In operation 307, the processor 250 may generate a virtual joint image, based on the calculated joint data (e.g., a joint location value and a joint prediction value). The processor 250 may output the generated virtual joint image on the display 220. A screen including the virtual joint image may include the virtual joint image and channels (e.g., display panels or areas) of the virtual joint image. The channel of the virtual joint image may include a location coordinate value of each of the plurality of joints included in the virtual joint image and predicted values of the joint. As an example, the screen including the virtual joint image may be displayed like FIG. 5 or 6. Referring to FIGS. 5 and 6, a 3D virtual joint image in one frame (or a specific frame in an image including a plurality of frames) may be displayed independently of a 4D virtual joint image and each channel which belongs to the 4D virtual joint image. In FIGS. 5 and 6, J may refer to a joint location and JP may refer to a predicted value of a joint. A number written together in J and JP may refer to a specific joint's number (e.g., a neck-1, a wrist-2, or the like). Thus, a number displayed on each channel may vary with the number of joints and a name of the recognized joint. Referring to FIG. 5, in the shown drawing, JN_x denotes the x-coordinate of the Nth joint, JN_y denotes the y-coordinate of the Nth joint, and JPN denotes the predicted value of the Nth joint. In FIG. 5, a virtual joint image may be disposed on a left upper channel, x-axis coordinate values of Nth joints may be arranged on a right upper channel, y-axis coordinate values of the Nth joints may be arranged on a left lower channel, and joint prediction values of the Nth joints may be arranged on a right lower channel.

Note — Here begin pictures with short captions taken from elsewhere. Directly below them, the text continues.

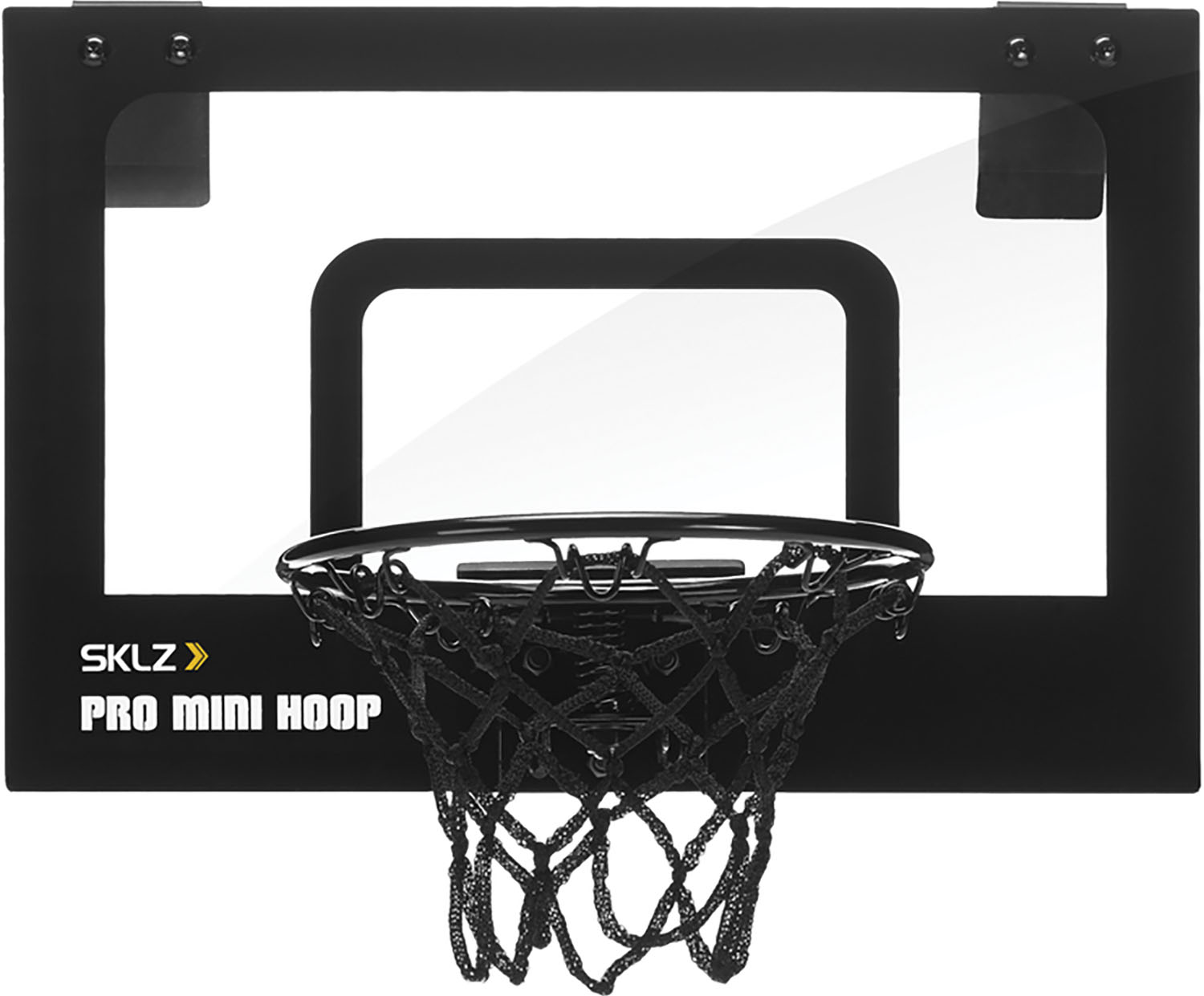 楽天市場】SKLZ PRO MINI HOOPの通販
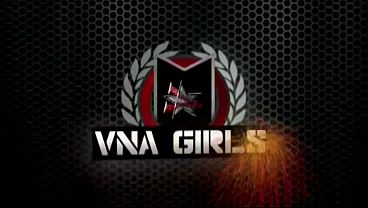 Image Blonde E Bunnz Gets Face & Pussy Fucked Hard & Deeply By Sara Jay!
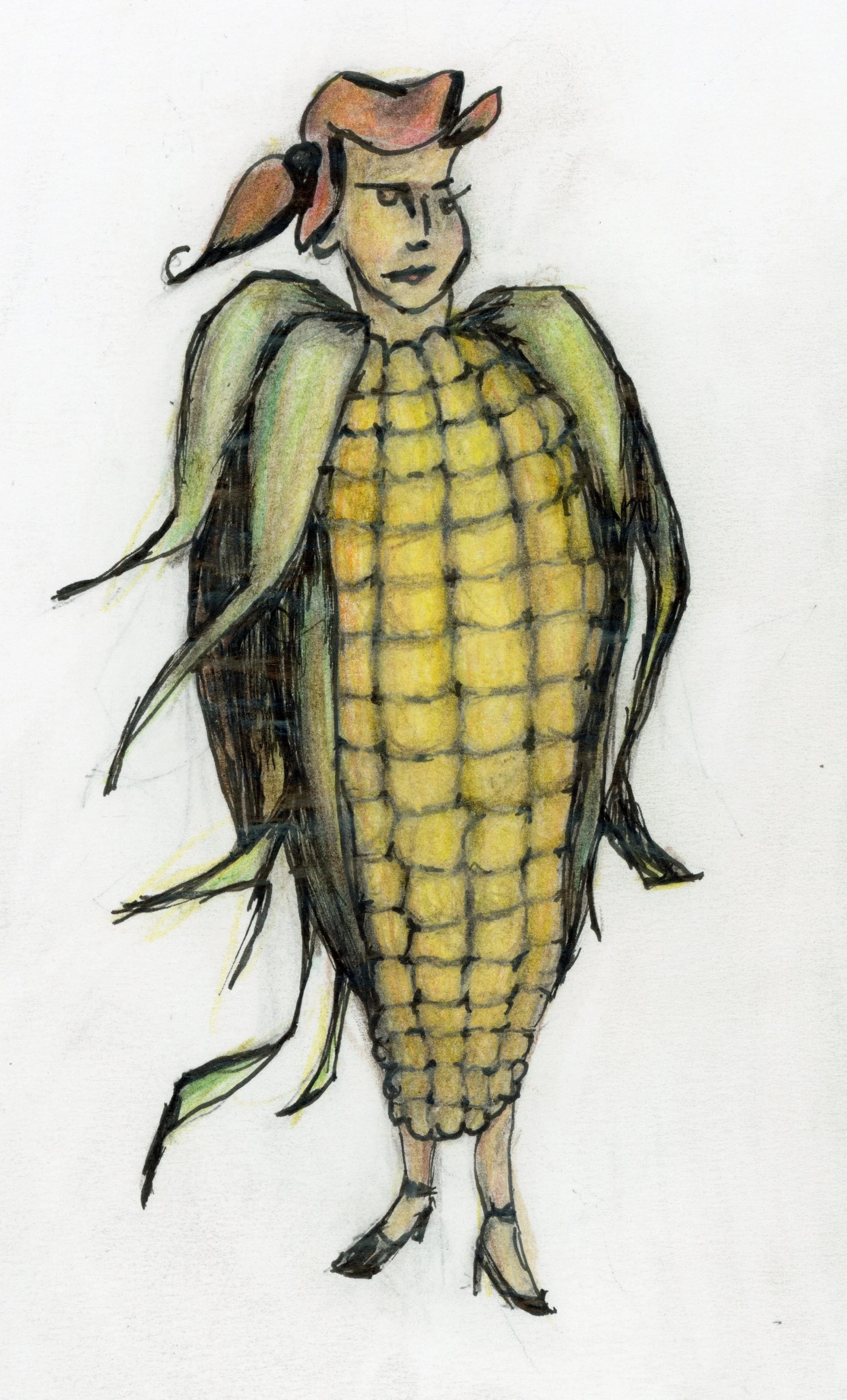 20250522-corn-drawing-scans-20250522_18034959_00032.jpg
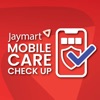 Mobile Care Check Up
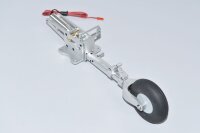 Phoenix Bugfahrwerk f&uuml;r Tucano - PH237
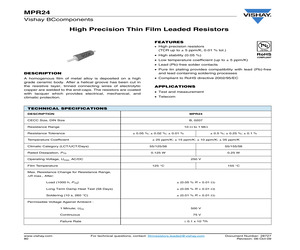 MPR24000Y1000AC100.pdf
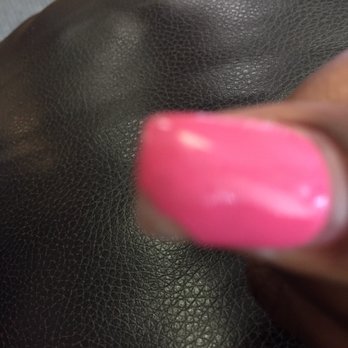 Mimi Nails and Spa - Nail Salons Near Me - Bensalem, Pennsylvania Mimi Nails and Spa - Nail Salons Near Me - Bensalem, Pennsylvania
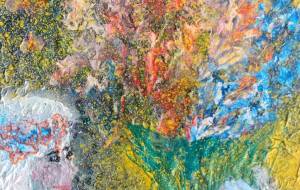 花嫁 - 久保田 俊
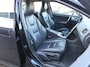 Volvo S60 2.0T Intro Edition 6Bak, NL, Dealer oh. Boekjes, Leer, Navi, Cruise, .. SAFETY FIRST ..  Bovengemiddeld NETTE en FRISSE auto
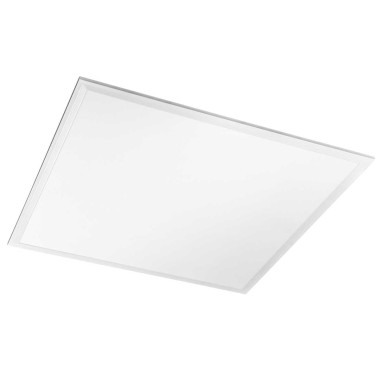 Светодиодная панель Zocco Lightstar 224364 &mdash; svetrussia.ru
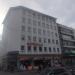 Neumarkt, 27-29 in Stadt Köln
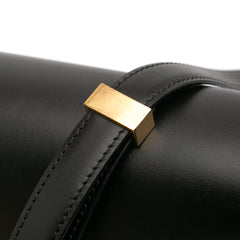 Medium Calfskin Classic Box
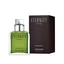 Calvin Klein Eternity for Men EdP férfiaknak 100 ml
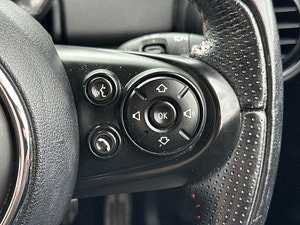 MINI Hatch thumbnail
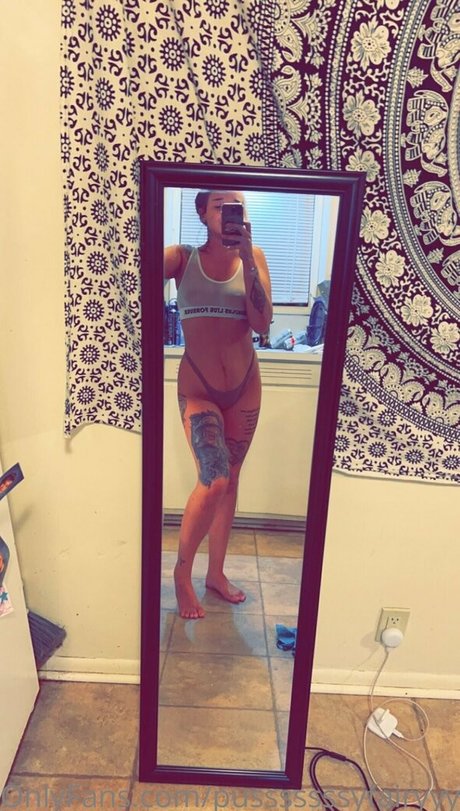 asian fingering onlyfans nudes pics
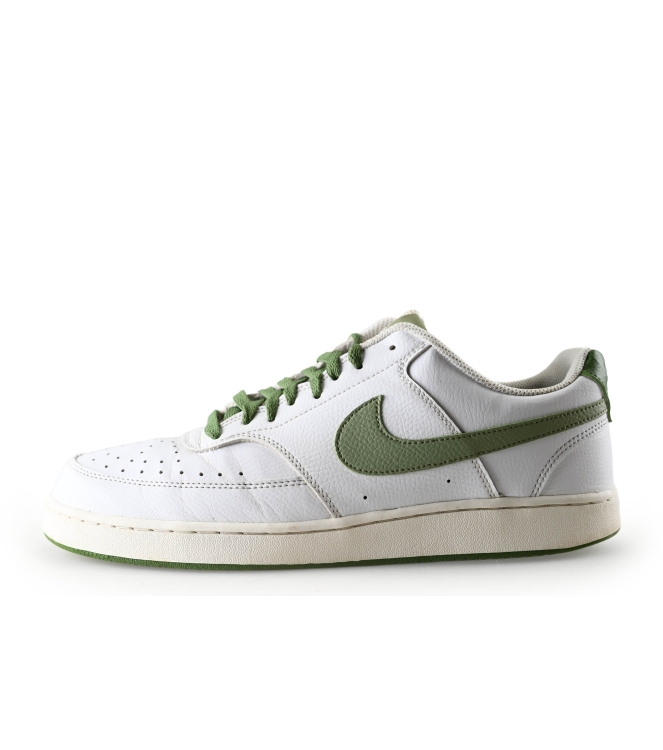 Nike Wandelschoenen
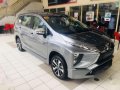 2018 MITSUBISHI Xpander GLX Plus AT 10K Reservation-7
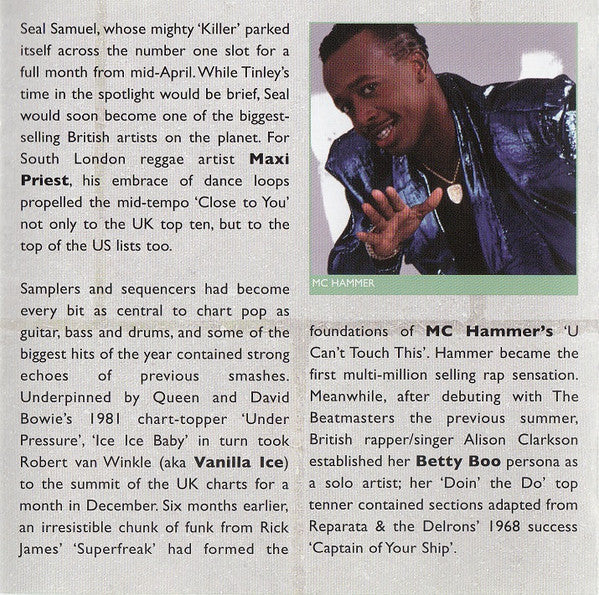 top-of-the-pops-1990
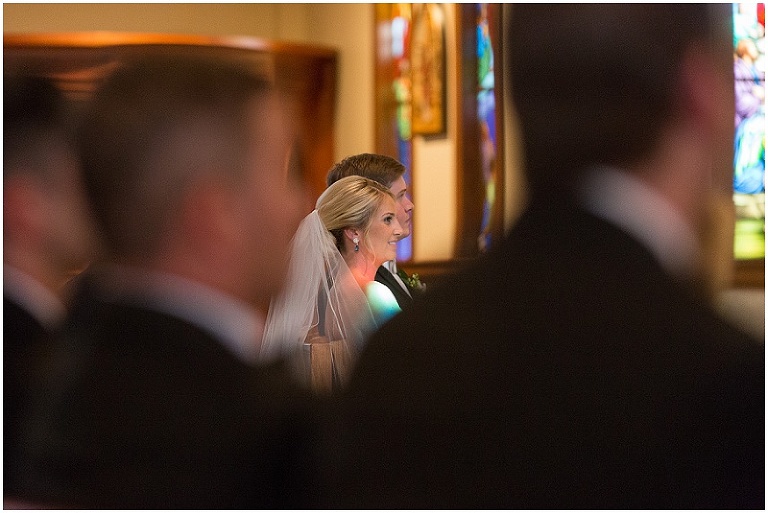 easton-maryland-tidewater-inn-gold-ballroom-wedding-photography-photo_0066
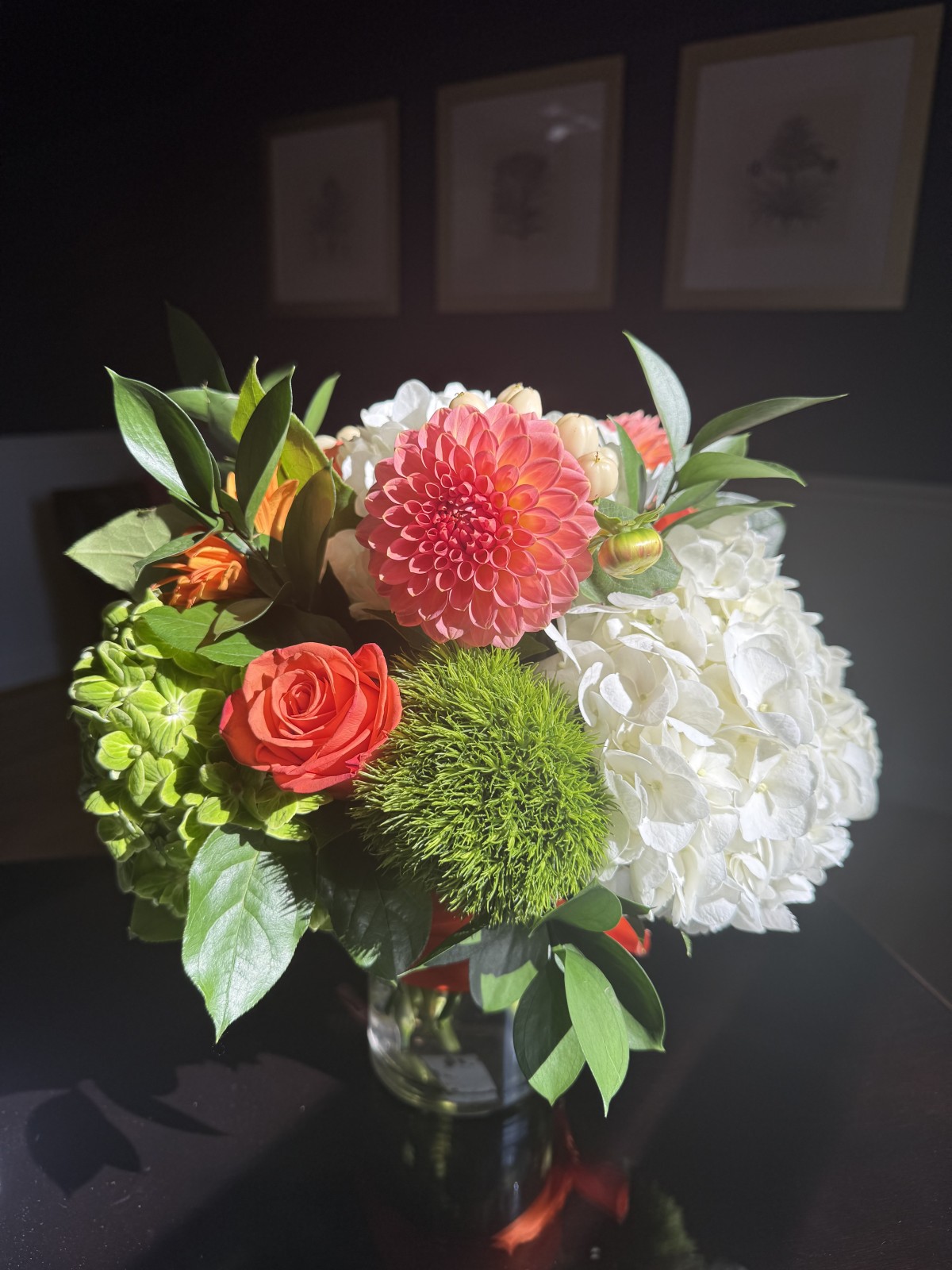 From Loss to Legacy: Why Health Matters So Deeply to Me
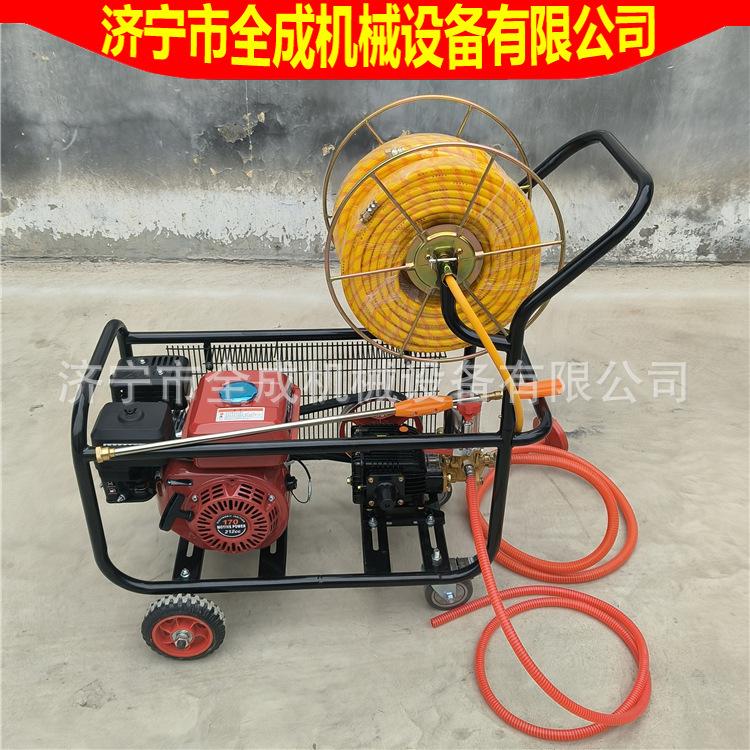 26推车  通用 (3).jpg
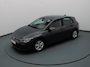 Volkswagen Golf 110pk TSI Life Apple Carplay/Android Auto | Climate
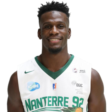 https://img.jisuzhiboa.com.cn/img/basketball/player/dd41209f454c013ea6e22fa8f5d6c1a7.png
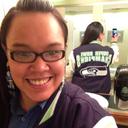 Natasha Ramsey - @NLRamsey6 - Twitter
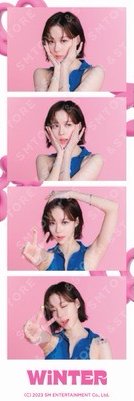 ctmi 人生四格卡 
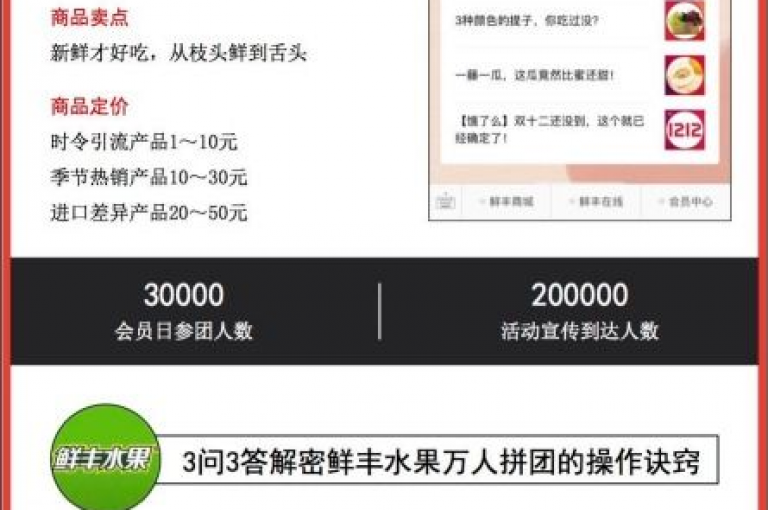 {多多助力微信群}是一个提供免费领取商品和拼夕夕帮助的平台。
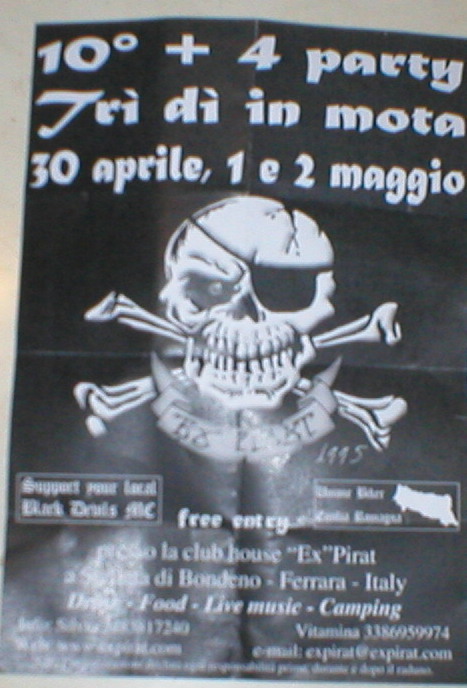 10deg4-party-tri-di039-in-mota-2010-flyer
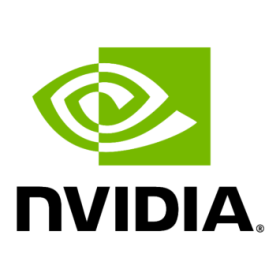 nvidia connect member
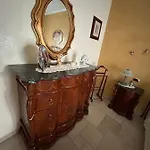 Casa Stallone شقة باري
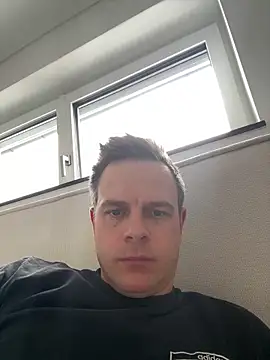 Danii0790 online show from 03/21/26, 12:10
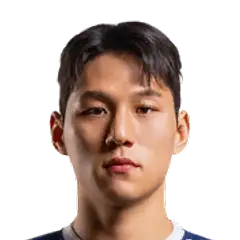 Seung-won Yeo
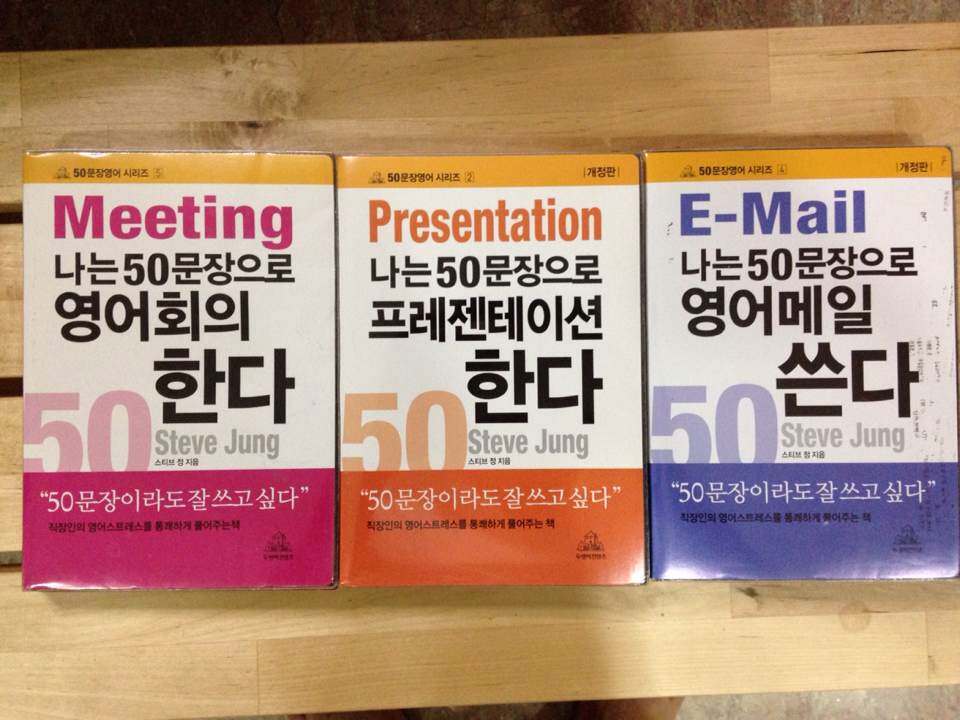 mkt_image1069.jpg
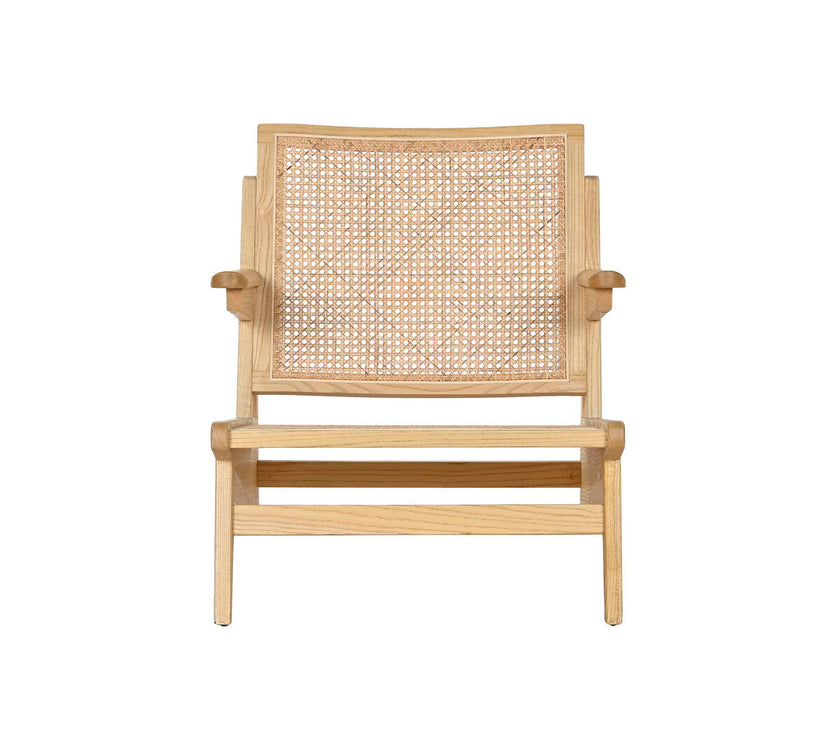 V2HBAC9C31B0C22304D53855B4B9FAC1B0CR4560207P6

Referring to FIG. 6, in the shown drawing, JN_x denotes the x-coordinate of the Nth joint, JN_y denotes the y-coordinate of the Nth joint, JN_Z denotes the z-coordinate of the Nth joint, and JPN denotes the predicted value of the Nth joint. In FIG. 6, x-axis coordinate values of Nth joints may be arranged on a left upper channel, y-axis coordinate values of the Nth joints may be arranged on a right upper channel, z-axis coordinate values of the Nth joints may be arranged on a left lower channel, and joint prediction values of the Nth joints may be arranged on right a lower channel. Additionally or alternatively, when a manager input of the computing device 200 occurs in a state where a screen shown in FIG. 6 is output, a virtual joint image described above with reference to FIG. 5 may switch to a displayed screen or the virtual joint image may be overlaid and displayed on a screen of FIG. 6. Alternatively, a virtual joint image may be displayed on a space generated after the screen is segmented or the screen displayed in FIG. 6 is reduced.

In operation 309, the processor 250 may perform a motion analysis based on the virtual joint image. For example, the processor 250 may perform the motion recognition for the virtual joint image using a 2D convolutional neural network (CNN) and may output the result.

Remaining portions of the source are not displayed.